Yunus'la son haftalarda olduğu gibi yine duran toptan başlayan bir pozisyonda harika bir golle öne geçti Galatasaray, ardından golü atan Yunus'un savunma zaafi İngilizlere beraberliği getirdi ama 20 ile 70. dakikalar arası öyle şiddetli bir baskı yaptı ki Galatasaray, Tottenham hocasının maçtan sonra dediği gibi Manchester City bile olsa bu baskıya dayanamazdı... 37 yaşındaki Mertens Tottenham kalecisine "pres yapıyor", Seria A da yılın futbolcusu rozetli Icardi ve 100 milyon avroluk Osimhen stoperlerin pas yollarını kapatıyor, Sara ve Torreira onlardan seken topları pirana gibi bekliyor, Sanchez,Kaan ve Abdülkerim de duvarı orta sahaya çizgisinde kuruyordu.
Hal böyle olunca ne mi oldu?
Geçen sene Bayern Münih'in içeride dışarıda "şansa bala" ve de hakem katkısıyla kurtulduğu Galatasaray, Premier Ligde 10 maçta 11 gol yemiş Tottenham'a 3 attı, 9-10 tane de net gol kaçırdı... Bunun dışında da en az 15 tane de pozisyon vardı... Peki Premier Ligin en fazla gol atan ekibi, Muslera'yı kaç kez zorladı? İlk devre iki defa, ikinci yarı da 4 defa...
Cevat Prekazi demişti, "Topun canı var, isterse girer, istemezse girmez" diye, ilk devre üç defa filelrle sarmaş dolaş olan meşin yuvarlak ikinci yarı nedense ultrAslan tribünün önündeki kaleye girmek istemedi, Galatasaray da rakibine ölümcül darbeyi vuramayıp, 90+7. dakikaya kadar İngilizleri oyunun içinde tuttu.
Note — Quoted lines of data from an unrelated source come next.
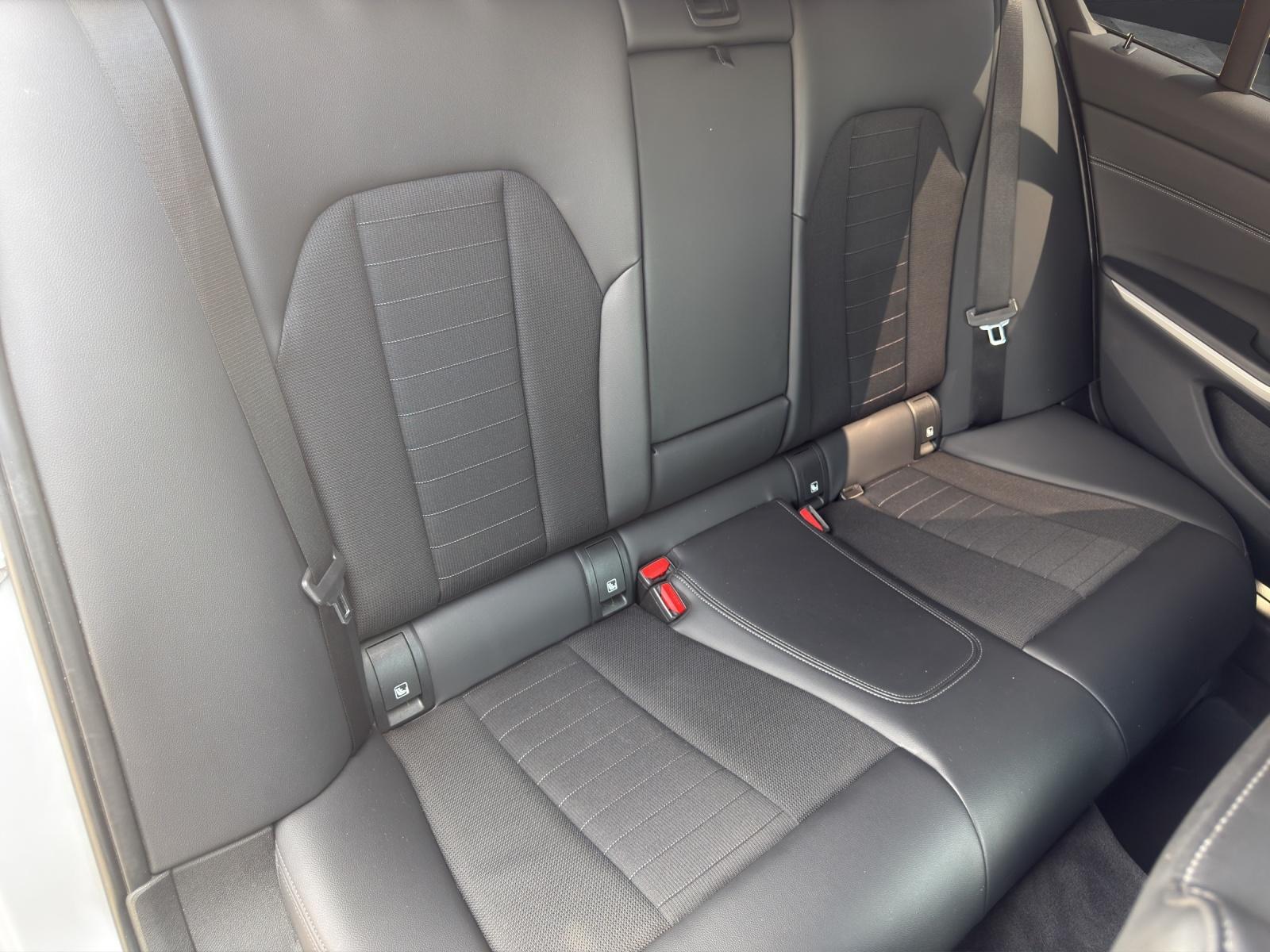 BMW 320i xDrive-image-17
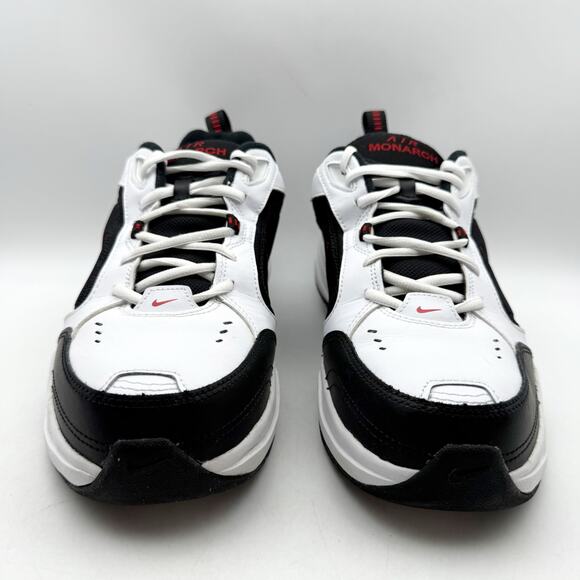 Athletic_Shoes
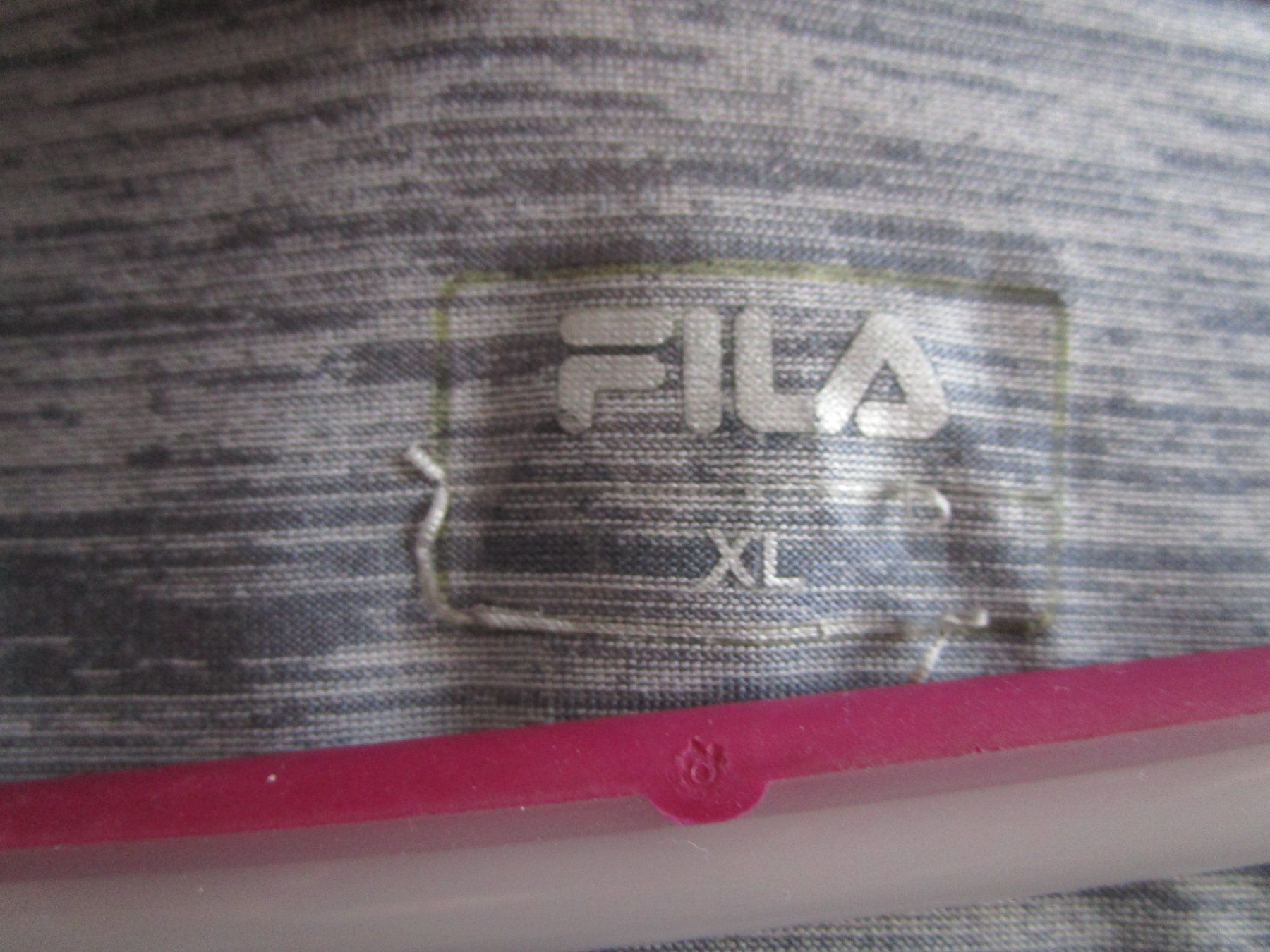 Fila T-shirt: Sportshirt grau – Usato da Birmenstorf AG venduto da Edelweiss25 1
Anyalya maç yazısını yazarken, Osimhen'in rovaşeta golünü Louvre Müzesine asalım teklifini sunmuştum, Okan Buruk da Tottenham maçını ustalık eseri olarak CVSinin en üstüne yazabilir. Bakmayın Osimhen-Kerem Demirbay değişikliği sırasında "şımarık" futbolbilmezlerin ıslıklamasına, Galatasaray'ın hocası dün gece sadece Türk Stili Futbolun "prömiyerini" yapmadı dünya futboluna, aynı zamanda şahsi olarak kendi Avrupa kariyerinin de kapısını açtı.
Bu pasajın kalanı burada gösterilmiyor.